"I married Cherry for her money," Martin confessed.
"As a matter of fact," Cherry contradicted him, vivaciously, animated even by the thought of a change and a home, "we have never even spoken of it before, have we, Mart?"
"I never heard of it before," he admitted, smiling, as he knocked the ashes from his pipe. "If I leave the 'Emmy Younger' in October, and go into the Red Creek proposition, I shall be making a good deal myself. But it's pleasant to know that Cherry will come in for a nest-egg some day!"
"Mart doesn't care a scrap for money!" Cherry said to her sister, in the old loyal way. Since Alix's arrival she had somehow liked Martin better. Perhaps Alix brought to her sister with a whiff of the old atmosphere, the old content, the old pride, and the old point-of-view. Presently the visitor boldly suggested that they should both go home together for the wedding, and Martin, to Cherry's amazement, agreed good-naturedly.
"But, Mart, how'll you get along?" his wife asked, anxiously. She had fumed and fussed and puttered and toiled over the care of these four rooms for so long that it seemed unbelievable that her place might be vacated even for a day.
"Oh, I'll get along fine!" he answered, indifferently.
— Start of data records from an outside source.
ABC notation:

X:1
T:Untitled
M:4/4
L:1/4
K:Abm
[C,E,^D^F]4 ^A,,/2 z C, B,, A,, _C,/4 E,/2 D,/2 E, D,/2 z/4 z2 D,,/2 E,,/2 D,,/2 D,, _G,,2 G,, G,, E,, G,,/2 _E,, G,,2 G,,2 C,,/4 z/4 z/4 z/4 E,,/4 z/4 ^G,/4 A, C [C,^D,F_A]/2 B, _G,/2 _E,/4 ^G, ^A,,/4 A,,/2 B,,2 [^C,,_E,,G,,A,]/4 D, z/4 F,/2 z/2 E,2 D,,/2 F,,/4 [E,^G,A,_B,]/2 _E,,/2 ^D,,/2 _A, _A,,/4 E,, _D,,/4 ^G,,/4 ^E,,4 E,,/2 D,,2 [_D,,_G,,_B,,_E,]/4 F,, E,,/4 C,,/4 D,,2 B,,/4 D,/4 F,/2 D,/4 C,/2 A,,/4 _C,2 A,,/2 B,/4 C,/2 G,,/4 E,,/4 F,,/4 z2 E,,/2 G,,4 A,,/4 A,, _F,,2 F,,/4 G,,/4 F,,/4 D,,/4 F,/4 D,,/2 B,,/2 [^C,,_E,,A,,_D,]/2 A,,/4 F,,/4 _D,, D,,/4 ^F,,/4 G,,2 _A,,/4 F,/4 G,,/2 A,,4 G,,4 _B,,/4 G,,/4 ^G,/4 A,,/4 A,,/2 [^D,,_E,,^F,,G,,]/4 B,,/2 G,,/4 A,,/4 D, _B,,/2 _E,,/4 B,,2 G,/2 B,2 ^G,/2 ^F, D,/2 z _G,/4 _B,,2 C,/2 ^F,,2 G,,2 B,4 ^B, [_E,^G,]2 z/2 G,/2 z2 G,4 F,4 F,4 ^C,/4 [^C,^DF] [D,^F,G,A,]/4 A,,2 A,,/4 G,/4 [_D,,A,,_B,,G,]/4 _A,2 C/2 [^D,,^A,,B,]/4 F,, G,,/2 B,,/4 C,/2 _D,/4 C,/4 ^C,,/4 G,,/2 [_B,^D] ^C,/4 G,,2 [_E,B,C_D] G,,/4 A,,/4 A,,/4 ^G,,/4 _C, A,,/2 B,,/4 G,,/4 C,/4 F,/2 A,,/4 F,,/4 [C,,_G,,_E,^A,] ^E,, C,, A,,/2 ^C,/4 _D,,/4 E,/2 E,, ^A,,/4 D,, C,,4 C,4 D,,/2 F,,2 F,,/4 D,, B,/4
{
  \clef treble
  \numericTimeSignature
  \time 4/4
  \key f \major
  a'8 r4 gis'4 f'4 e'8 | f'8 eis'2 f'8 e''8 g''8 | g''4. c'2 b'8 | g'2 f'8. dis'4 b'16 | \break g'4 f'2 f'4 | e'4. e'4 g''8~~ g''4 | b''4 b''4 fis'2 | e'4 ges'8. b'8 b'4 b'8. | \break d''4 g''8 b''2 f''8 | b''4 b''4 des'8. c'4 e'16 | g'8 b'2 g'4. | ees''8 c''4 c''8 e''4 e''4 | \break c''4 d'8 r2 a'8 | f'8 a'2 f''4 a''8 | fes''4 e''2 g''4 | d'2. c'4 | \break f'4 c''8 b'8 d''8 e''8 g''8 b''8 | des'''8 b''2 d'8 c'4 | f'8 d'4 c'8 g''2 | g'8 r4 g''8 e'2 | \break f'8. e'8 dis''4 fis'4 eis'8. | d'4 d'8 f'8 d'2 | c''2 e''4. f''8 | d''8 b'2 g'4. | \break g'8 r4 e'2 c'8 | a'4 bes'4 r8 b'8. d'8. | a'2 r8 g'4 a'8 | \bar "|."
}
Cherry, with a great sigh of relief and delight, abandoned the whole problem; milk bottles, fire wood, groceries, dust, and laundry slipped from her mind as if they had never been. On the last day of August, in the cream-coloured silk and the expensive hat again, yet looking, Alix thought, strangely unlike the bride that had been Cherry, she and her sister happily departed for cooler regions. Martin took them to the train, kissed his sister-in-law gaily, and then his wife affectionately,
"Be a good little girl, Babe," he said, "and write me!"
"Oh, I will--I will!" Cherry looked after him smilingly from the car window. "He really is an old dear!" she told Alix.